Development and calibration of a stochastic, multiscale agent-based model for predicting tumor and vasculature growth
Agent-based models (ABMs) are a powerful tool for simulating tumor growth. However, they suffer from high computational costs—especially if the stochastic nature of phenotypic transitions is included in the formulation of the model. To address these limitations, we have developed two multiscale ABMs, one avascular and one vascular, and calibrated them to experimental data.
The avascular model is a coarse-grained two-scale ABM (cgABM) calibrated with time-resolved microscopy measurements of BT474 human breast carcinoma cells grown with different initial conditions. The model consists of a reaction-diffusion type model capturing the spatiotemporal evolution of glucose and growth factors in the tumor microenvironment, coupled with a lattice-free ABM to simulate individual cell dynamics. We perform a global sensitivity analysis to identify the relative importance of model parameters, followed by a Bayesian calibration that accounts for the stochasticity of the cgABM. The results show that the cgABM can reliably predict the spatiotemporal evolution of breast cancer cells observed by microscopy data.

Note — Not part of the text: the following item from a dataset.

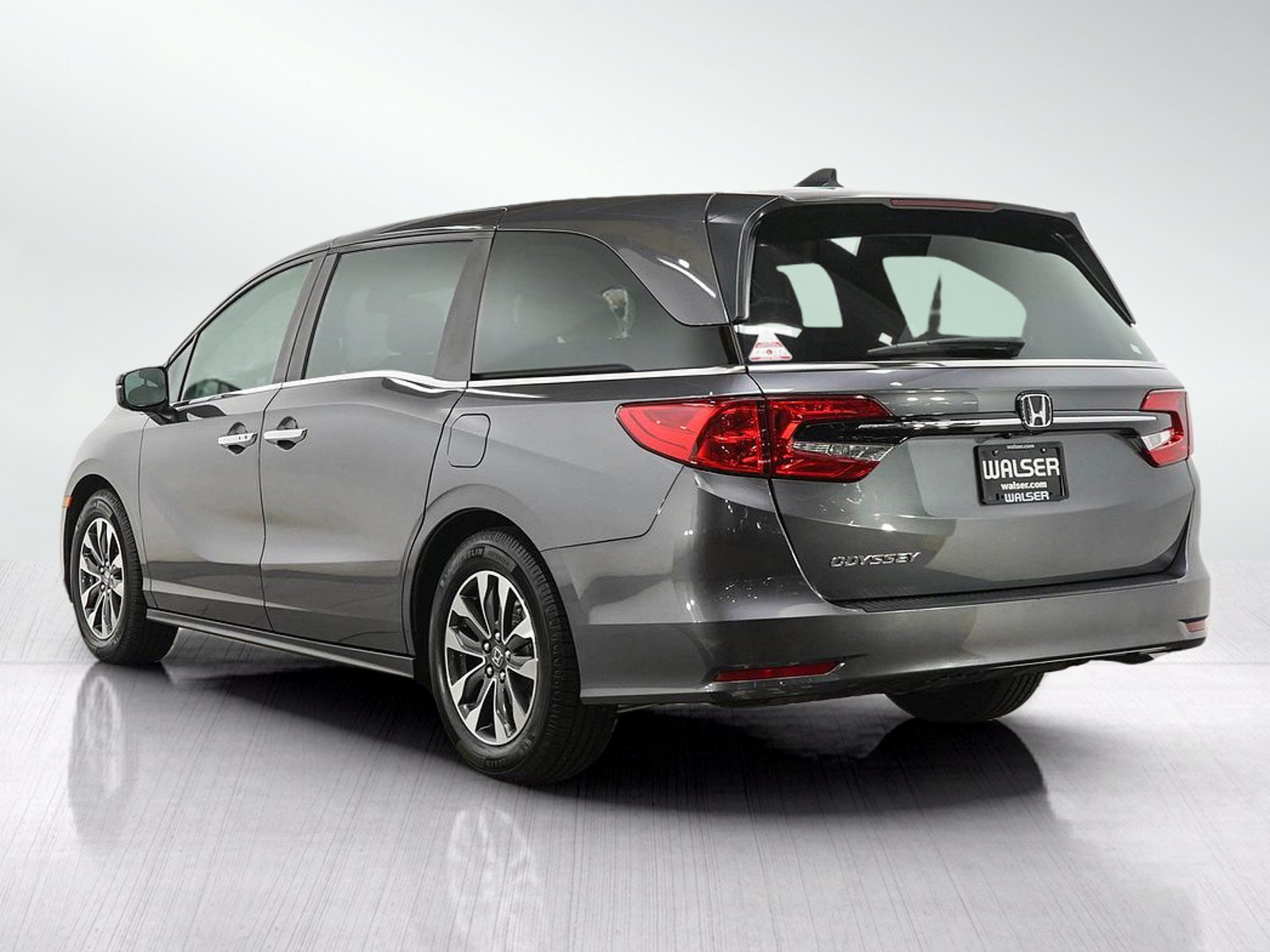 Used 2022 Honda Odyssey EX-L image 3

The vascularized multiscale model of tumor angiogenesis combines an ABM of tumor and endothelial cell dynamics with a continuum model that captures the spatiotemporal variations in the concentration of vascular endothelial growth factor. We first calibrate ordinary differential equation models to time-resolved protein concentration data to estimate the rates of secretion and consumption of vascular endothelial growth factor by endothelial and tumor cells, respectively. These parameters are then input into the multiscale model while the remaining model parameters are calibrated to time-resolved confocal microscopy images obtained within a 3D vascularized microfluidic platform. The model is able to globally recapitulate angiogenic vasculature density. Additionally, the model’s ability to predict local vessel morphology is assessed and shows promising results.
Our multiscale ABMs demonstrate the ability to predict tumor growth and angiogenesis with experimental data, providing a platform for systematic testing of mathematical predictions of tumor dynamics.